For years, South African women and men have come to Rustenburg Local Municipality in droves, attracted by its location at the heart of the world’s largest platinum group metals repository. Opportunities in mining have caused the population to balloon, making the town northwest of Johannesburg the fastest-growing municipality in the country.
But while employment has been abundant, it is largely men who have benefited.
Nearly 90 percent of Rustenburg’s mineworkers are men, while women, who have likewise flocked to the town from rural South Africa and nearby countries, struggle to find jobs. A Doctors Without Borders report released Tuesday suggests that this imbalance has carried insidious consequences: “Many females in Rustenburg may be financially dependent on men … [making] women less likely to report violence by a partner they depend on.”
Doctors Without Borders surveyed 800 women between 18 and 49 years old in Rustenburg late last year.
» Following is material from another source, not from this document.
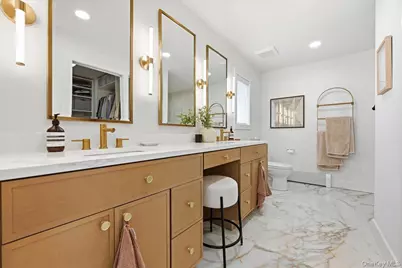 141 Annuskemunnica Road, Babylon, NY 11702 - Photo 24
One in four said they had been raped in their lifetime, but among them, only 5 percent had reported the incidents to a health worker.
When measured against the town’s population, these results suggest that about 50,000 (mostly migrant) women in Rustenburg have been raped — “shocking but not uncommon statistics in South Africa,” the report said.
Interpol findings in 2012 labelled South Africa “the world’s rape capital,” a title also associated with India and the Democratic Republic of the Congo, but reliable numbers are unavailable because a vast majority of rapes are believed to be unreported.